Classic Southern Style Greens
· · 2 pounds fresh greens
· 1 1/2 gallons water
· 1 or 2 ham hocks or smoked turkey leg (Willy Bird)
· 1 tablespoon salt
· 1 or 2 dried peppers or cayenne, to taste
· 1/2 cup chopped onion

Stove Top Preparation:
In a large kettle, boil the water with the ham hocks and salt, plus seasonings. Clean greens thoroughly with several changes of water. Cut away tough stems and cut large leaves in strips. Add the greens to boiling water a little at a time. Cover and boil for about 1 hour. Serve with cider vinegar or pepper sauce.
Crock Pot:
Prepare as above, then transfer to a crock pot and cook for at least an hour on high, or for 2-3 hours on low, until very soft and texture that you like. They are ready to eat! Cook enough for 2-3 days at one time and reheat.
Garlic Greens (Vegetarian & Low Fat)
· 1 1/2 to 2 pounds collard greens or turnip greens, boiled or steamed until tender
· 3 to 4 tablespoons vegetable oil
· 2 to 3 tablespoons minced garlic (about 4 large cloves)
· salt and black pepper, to taste
· hot pepper sauce
Drain greens well.
In a large skillet or Dutch oven over medium heat, cook garlic in the vegetable oil until it just begins to brown. Add the drained greens; season to taste with salt and pepper then add a few dashes of your favorite hot sauce.
Serves 4 to 6.


[Gluten-Free / Dairy-Free / Pareve / Vegan / Soy-Free]

5 cups collard greens, rinsed and chopped or shredded
2 15-oz. cans of black eyed peas, rinsed and drained or 4 c. cooked (from bulk storage) beans
1/3 cup extra virgin olive oil
1 large onion, diced
5 cloves garlic, minced
1 1/2 tsp red pepper flakes
1/2 tsp cumin seeds
3 bay leaves
2 tsp chili powder
2 tsp smoked sweet paprika
1/4 tsp sea salt
1 large poblano or anaheim chili pepper, seeds removed, minced
1/3 cup wine (red or white)
2/3 cups tomato sauce
1/2 cup water or vegetable broth

In a large, heavy-bottomed pot or deep frying pan, heat the olive oil over medium heat.
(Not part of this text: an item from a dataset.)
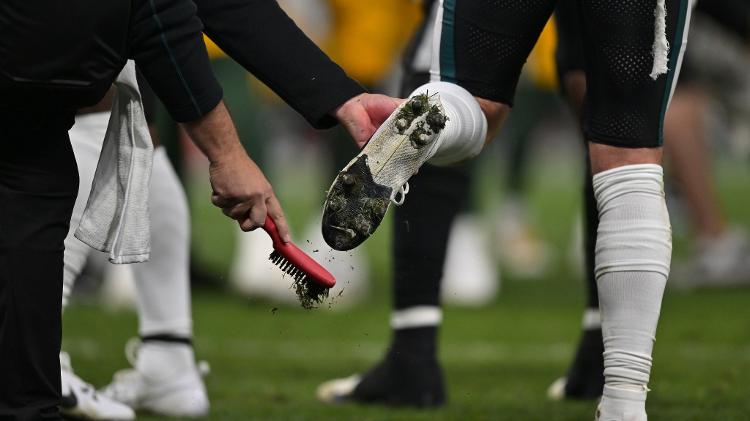 Funcionário do Philadelphia Eagles tira grama da chuteira de jogador durante jogo da NFL no Brasil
Add the onions and sautee until translucent. Add the garlic and pepper and all of the herbs and spices except the salt. Stirring frequently, cook the spices in the oil for several minutes. Add the collard greens and saute, coating the greens thoroughly in the spices and oil. Sautee for 5 minutes or until the greens begin to wilt. Add all of the remaining ingredients and cover. Turn heat to medium-low and simmer for 30 minutes or until the greens are tender. Stir regularly to make sure ingredients don’t stick to the bottom of the pan. Serve hot, as a main dish or a side dish. Can be topped with sour cream.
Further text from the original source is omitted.